▶ **Exercise directions**: Leaving the pictures aside, return all of the data below exactly.

▶ **Given material**:
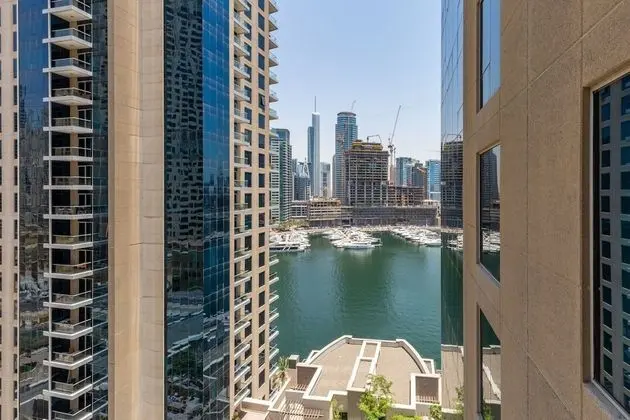 Cozy and Stylish 1BR Apartment in Dubai Marina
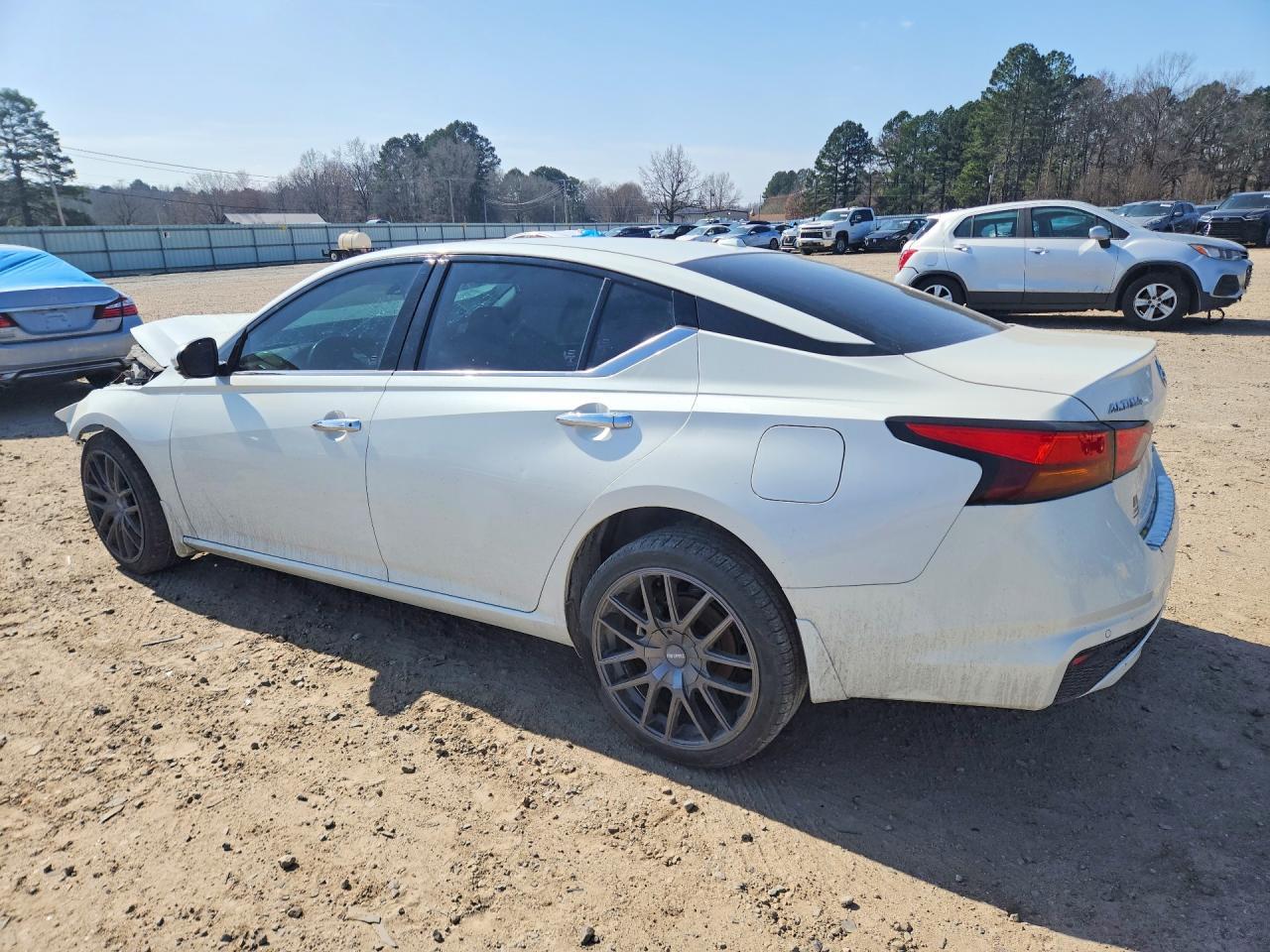 2021 Nissan Altima Platinum - Image 2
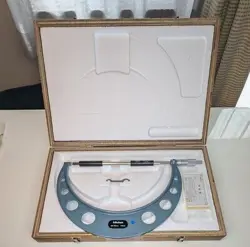 MITUTOYO MICROMETER 225-250 JAPAN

▶ **Your solution**:
 Cozy and Stylish 1BR Apartment in Dubai Marina
 2021 Nissan Altima Platinum - Image 2
 MITUTOYO MICROMETER 225-250 JAPAN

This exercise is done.